[Crawled caption data]
- - - - -

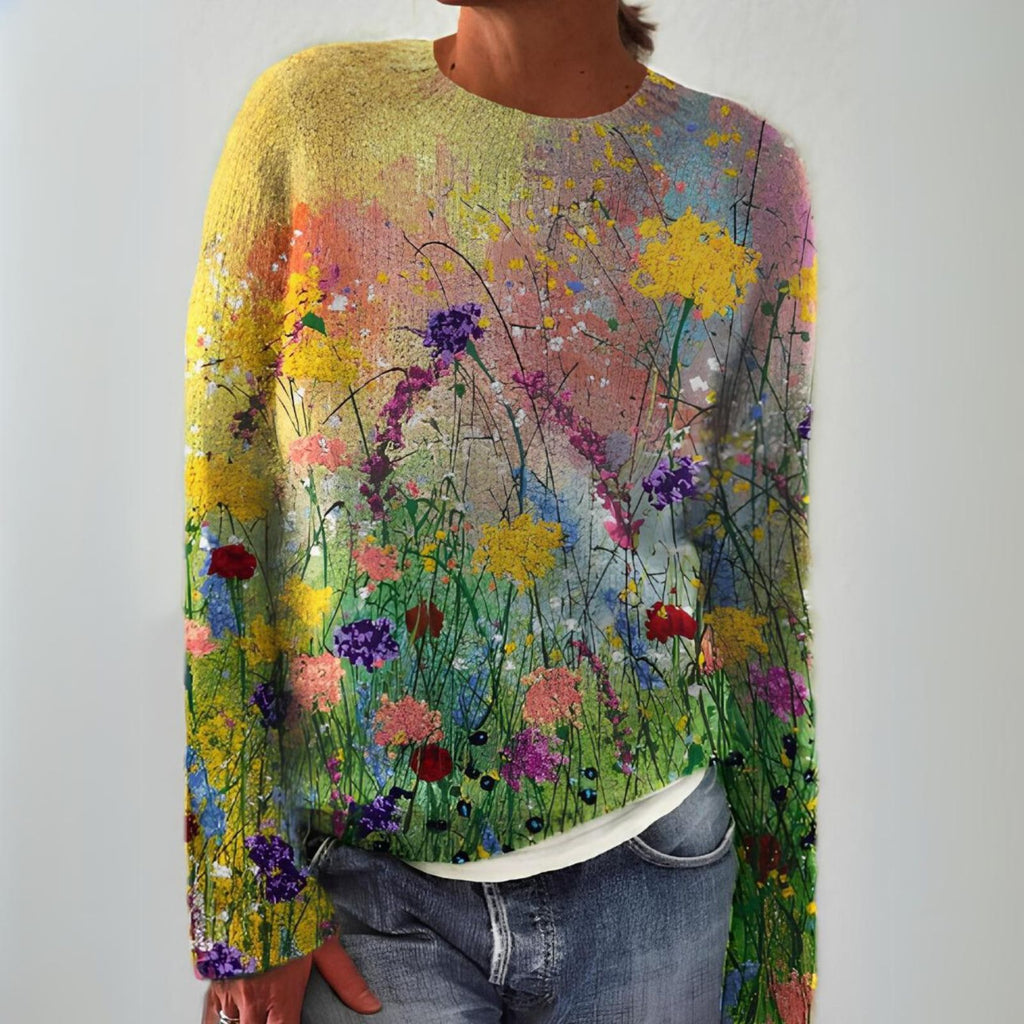 Greta - Icelandic Knit Sweater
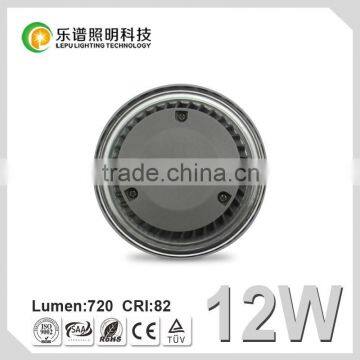 12W Non Dimmable 2700k Ra85 Cob Led Ar111 G53 12v With CE& ROHS Approved photo-2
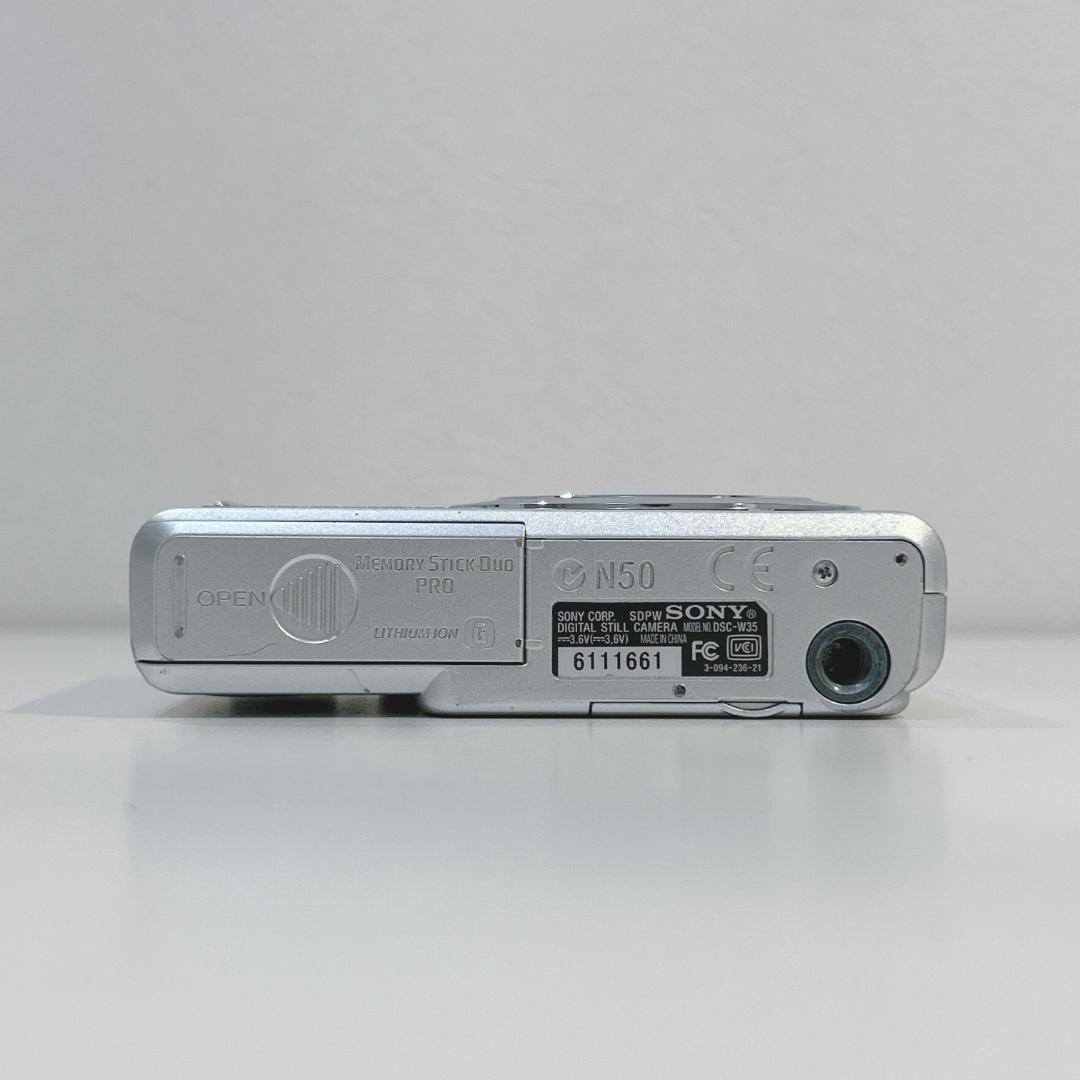 ★動作品★ SONY Cyber-shot DSC-W35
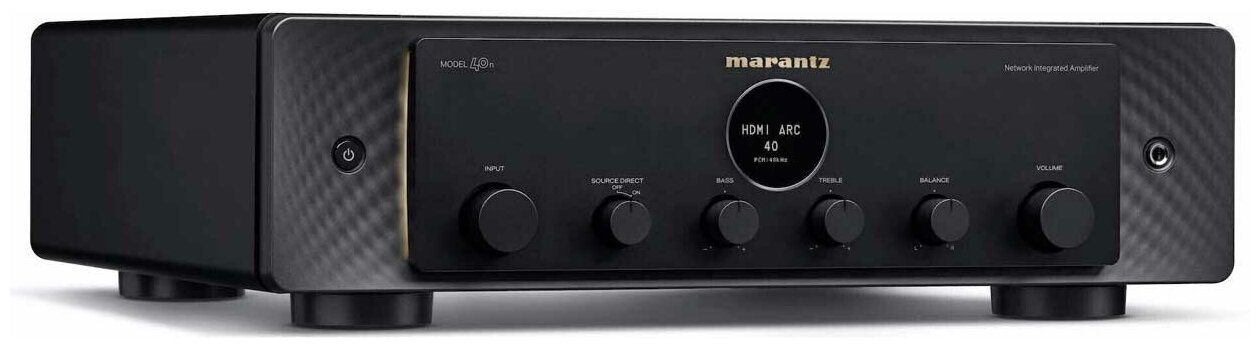 Интегральный стереоусилитель Marantz Model 40n Black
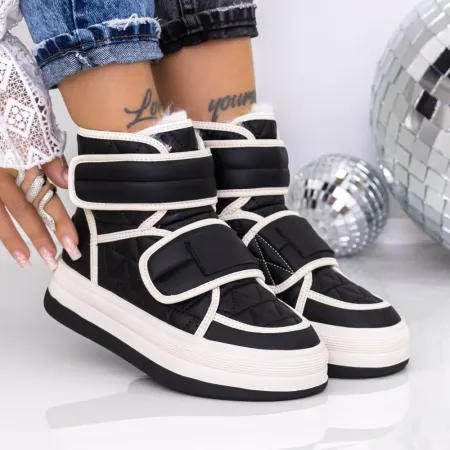 Ghete Dama 3FLM6 Negru | Mei » Reina.Ro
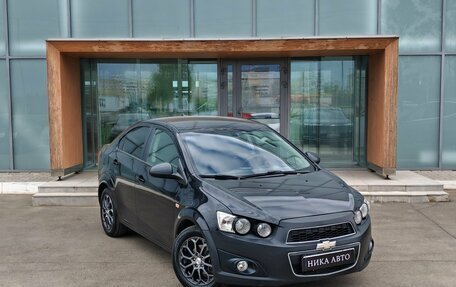 Chevrolet Aveo III, 2013 год, 710 000 рублей, 3 фотография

- - - - -

> [What the exercise asks]: The lines above should be transcribed exactly, with every image removed.

> [Expected answer]:
 Greta - Icelandic Knit Sweater
 12W Non Dimmable 2700k Ra85 Cob Led Ar111 G53 12v With CE& ROHS Approved photo-2
 ★動作品★ SONY Cyber-shot DSC-W35
 Интегральный стереоусилитель Marantz Model 40n Black
 Ghete Dama 3FLM6 Negru | Mei » Reina.Ro
 Chevrolet Aveo III, 2013 год, 710 000 рублей, 3 фотография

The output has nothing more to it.